Note that, other than the Add operation, all other three operations can be mapped directly to a single operation in rocksdb. Coding-wise, it's not that bad. However, a conceptually single operation Add is nevertheless mapped to two rocksdb operations. This has performance implication too - random Get is relatively slow in rocksdb.

Now, suppose we are going to host Counters as a service. Given the number of cores of servers nowadays, our service is almost certainly multithreaded. If the threads are not partitioned by the key space, it's possible that multiple Add requests of the same counter, be picked up by different threads and executed concurrently. Well, if we also have strict consistency requirement (missing an update is not acceptable), we would have to wrap Add with external synchronization, a lock of some sort. The overhead adds up.

What if RocksDb directly supports the Add functionality?

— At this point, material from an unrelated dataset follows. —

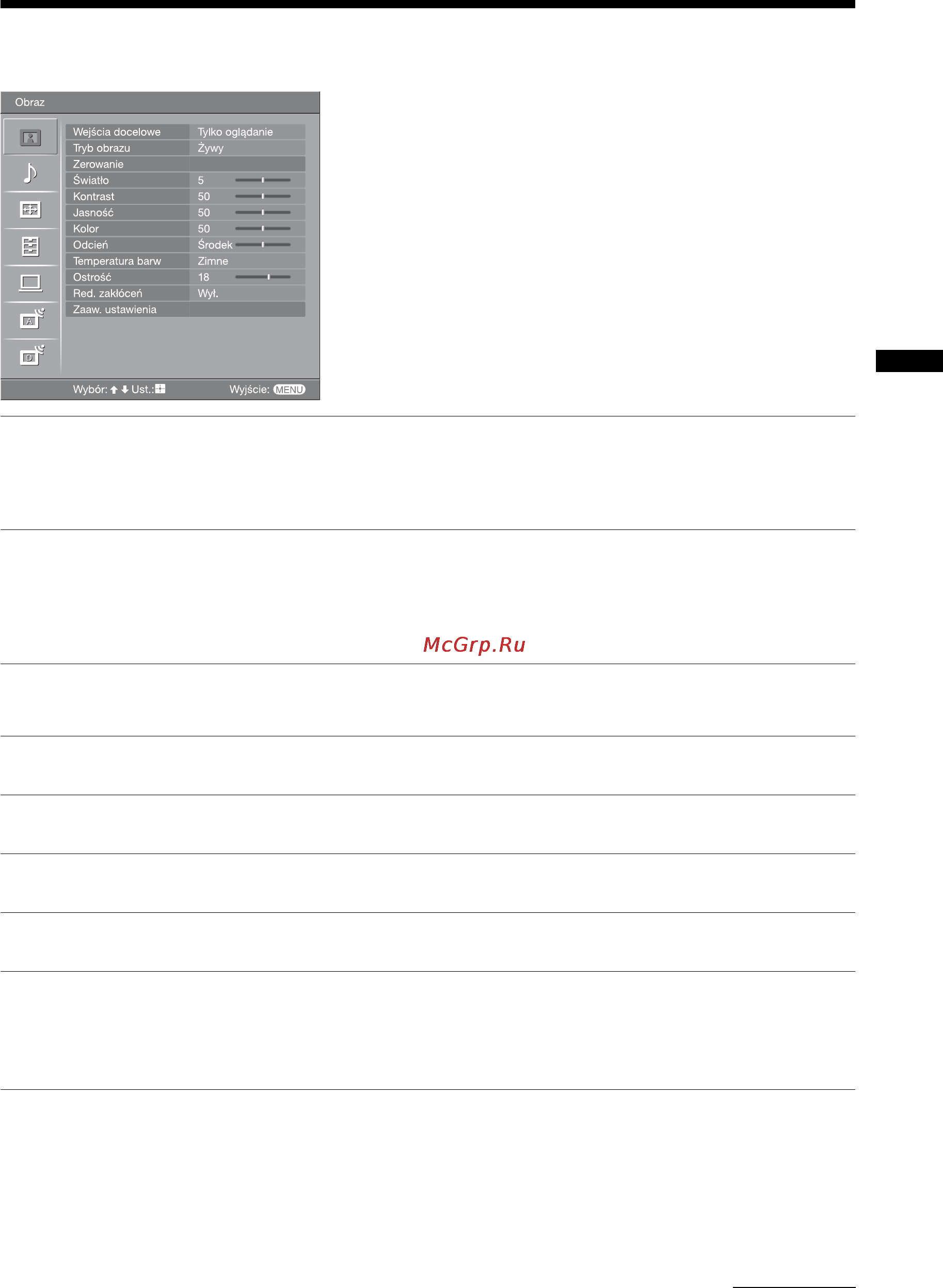 Sony BRAVIA KDL-40S2000 [107/131] Menu obrazu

We might come up with something like this then:

    virtual void Add(const string& key, uint64_t value) {
      string serialized = Serialize(value);
      db->Add(add_option, key, serialized);
    }

This seems reasonable for Counters. But not everything you store in RocksDB is a counter. Say we need to track the locations where a user has been to. We could store a (serialized) list of locations as the value of a user key. It would be a common operation to add a new location to the existing list. We might want an Append operation in this case: db->Append(user_key, serialize(new_location)). This suggests that the semantics of the read-modify-write operation are really client value-type determined. To keep the library generic, we better abstract out this operation, and allow the client to specify the semantics. That brings us to our proposal: Merge.

What

We have developed a generic Merge operation as a new first-class operation in RocksDB to capture the read-modify-write semantics.

This Merge operation:

  • Encapsulates the semantics for read-modify-write into a simple abstract interface.
  • Allows user to avoid incurring extra cost from repeated Get() calls.
  • Performs back-end optimizations in deciding when/how to combine the operands without changing the underlying semantics.
  • Can, in some cases, amortize the cost over all incremental updates to provide asymptotic increases in efficiency.

How to Use It

In the following sections, the client-specific code changes are explained. We also provide a brief outline of how to use Merge. It is assumed that the reader already knows how to use classic RocksDB (or LevelDB), including:

  • The DB class (including construction, DB::Put(), DB::Get(), and DB::Delete())
  • The Options class (and how to specify database options upon creation)
  • Knowledge that all keys/values written to the database are simple strings of bytes.

Overview of the Interface

We have defined a new interface/abstract-base-class: MergeOperator. It exposes some functions telling RocksDB how to combine incremental update operations (called "merge operands") with base-values (Put/Delete). These functions can also be used to tell RocksDB how to combine merge operands with each other to form new merge operands (called "Partial" or "Associative" merging).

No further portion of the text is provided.